Each line of the listing below must be retyped exactly, with images left out.

——————————

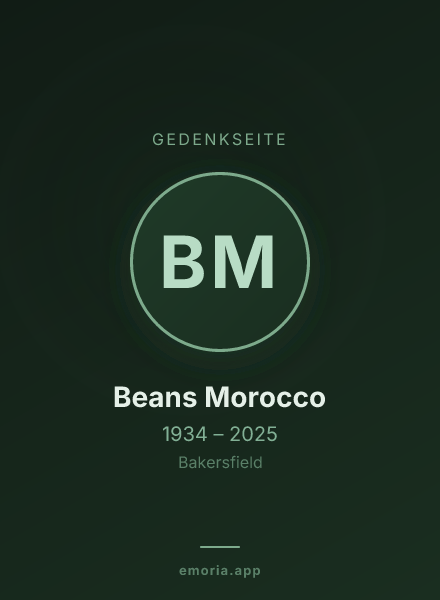 Gedenkportrait von Beans Morocco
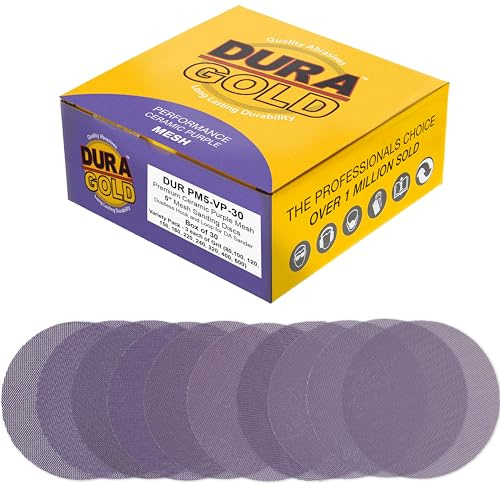 Dura-Gold Premium 5 Purple Ceramic Mesh Sanding Discs, 30 Disc Variety Pack, Grits 80, 100, 120, 150, 180, 220, 240, 320, 400, 600 - Dustless Hook & Loop Backing Sandpaper, DA & Random Orbital Sander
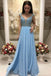 Elegant A-Line Beaded Sky Blue Prom Dresses With Cap Sleeves PDO96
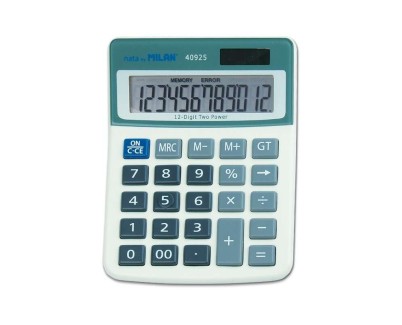 Milan Calculadora de Sobremesa 12 Digitos - 3 Teclas de Memoria - Apagado Automatico - Color Blanco/Azul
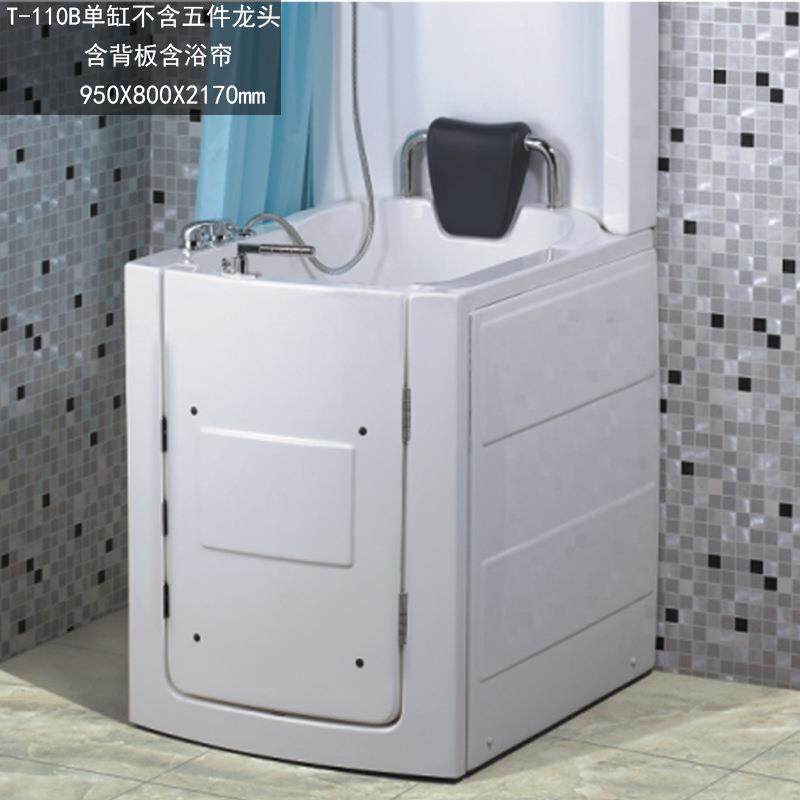 老年人步入式开门浴盆残疾人无障碍亚克力小体积座位泡澡浴缸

——————————

ANSWER.
 Gedenkportrait von Beans Morocco
 Dura-Gold Premium 5 Purple Ceramic Mesh Sanding Discs, 30 Disc Variety Pack, Grits 80, 100, 120, 150, 180, 220, 240, 320, 400, 600 - Dustless Hook & Loop Backing Sandpaper, DA & Random Orbital Sander
 Elegant A-Line Beaded Sky Blue Prom Dresses With Cap Sleeves PDO96
 Milan Calculadora de Sobremesa 12 Digitos - 3 Teclas de Memoria - Apagado Automatico - Color Blanco/Azul
 老年人步入式开门浴盆残疾人无障碍亚克力小体积座位泡澡浴缸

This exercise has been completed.